By now, we could see fairly well for ourselves, though the boy continued to call out a commentary, like some people do when they’re watching the Games. At that moment, oddly enough, I thought of Alexander; Who’d you rather be, I asked him, the all-corners champion at the Olympic Games, or the little fat guy with a scroll who calls out the names of the
winners?
It went like this.The Scythians rode round our people — there were five or so of them — and shot arrows, killing a couple. Then they rode in. One man just stood there and was chopped down. The other two ran a little way. The Scythians left them where they fell and then carried on heading for us.
‘Did you see that?’ Thrasyllus demanded. ‘They just—’

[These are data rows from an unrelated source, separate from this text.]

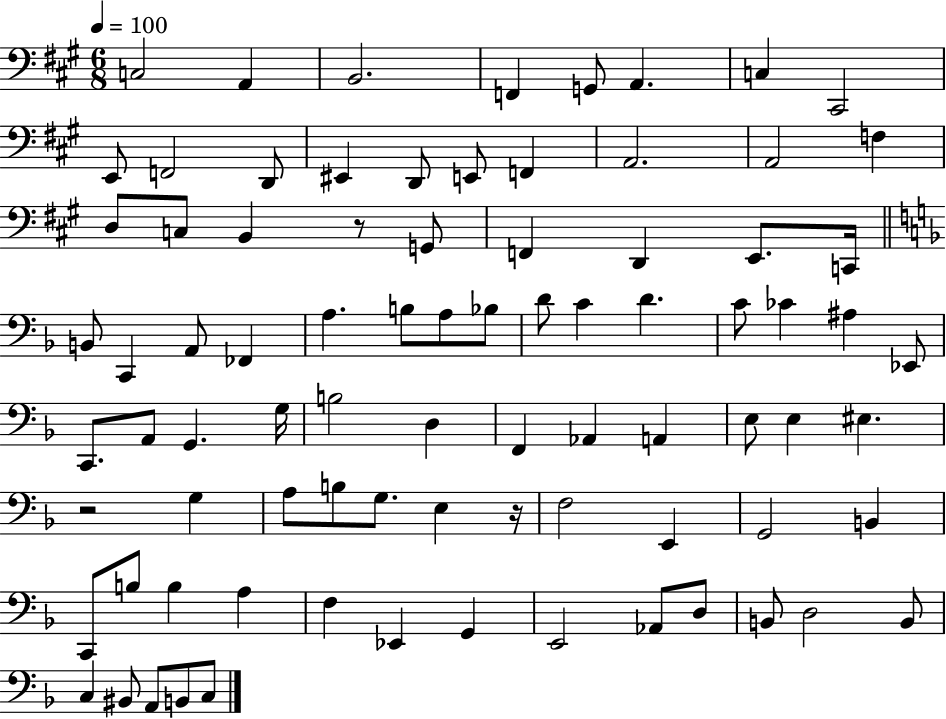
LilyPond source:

{
  \clef bass
  \numericTimeSignature
  \time 6/8
  \key a \major
  \tempo 4 = 100
  \repeat volta 2 { c2 a,4 | b,2. | f,4 g,8 a,4. | c4 cis,2 | \break e,8 f,2 d,8 | eis,4 d,8 e,8 f,4 | a,2. | a,2 f4 | \break d8 c8 b,4 r8 g,8 | f,4 d,4 e,8. c,16 | \bar "||" \break \key f \major b,8 c,4 a,8 fes,4 | a4. b8 a8 bes8 | d'8 c'4 d'4. | c'8 ces'4 ais4 ees,8 | \break c,8. a,8 g,4. g16 | b2 d4 | f,4 aes,4 a,4 | e8 e4 eis4. | \break r2 g4 | a8 b8 g8. e4 r16 | f2 e,4 | g,2 b,4 | \break c,8 b8 b4 a4 | f4 ees,4 g,4 | e,2 aes,8 d8 | b,8 d2 b,8 | \break c4 bis,8 a,8 b,8 c8 | } \bar "|."
}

‘All right.’ I pulled myself together, though it wasn’t easy. Never seen violent death before, you see. ‘That’s enough. Illus, you’re a soldier; is there anything we can do? Or do we just stand here and wait?’

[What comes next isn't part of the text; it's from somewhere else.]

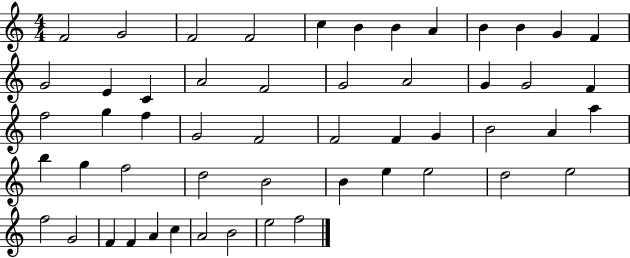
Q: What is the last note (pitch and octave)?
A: F5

Illus shook his head. ‘Nowhere to hide and no cover worth spit. I don’t see how we’re going to get out of it this time.
Marvellous, I thought; but what I said was, ‘We’ll see about that. Illus, I want you and your friends with the bows to shoot down as many as you can. You never know, if we sting them a bit they may go away.’
Illus looked at me. For a moment there he’d thought I was actually going to come up with something clever, but I’d disappointed him. ‘If we shoot a couple it’ll probably only make things worse,’ he said. ‘We could try surrendering. If we tell them who you are, maybe they’ll spare us to keep as hostages.’
I shook my head. ‘I don’t think so,’ I said. ‘Just do as I say.’
I remember watching them get closer, changing from small shapes of horsemen into people, with discernible faces. They were young —sixteen to nineteen; I remembered reading somewhere that young Scythian warriors aren’t admitted to full manhood until they’ve killed someone, and I’d always assumed that was just sensationalist rubbish, like the stories about the crocodiles of Egypt or the island in the far north where at times the sun shines at midnight. But the faces of those men, or boys, or whatever they were, seemed to me to be filled with fear, every bit as much as ours; they were facing something they knew they had to do but which terrified them. They were new to this sort of thing, the same as I was, and they were well aware that they were about to play a game with us which had no rules, no guarantee of safety. They were afraid of getting killed, the same as we were.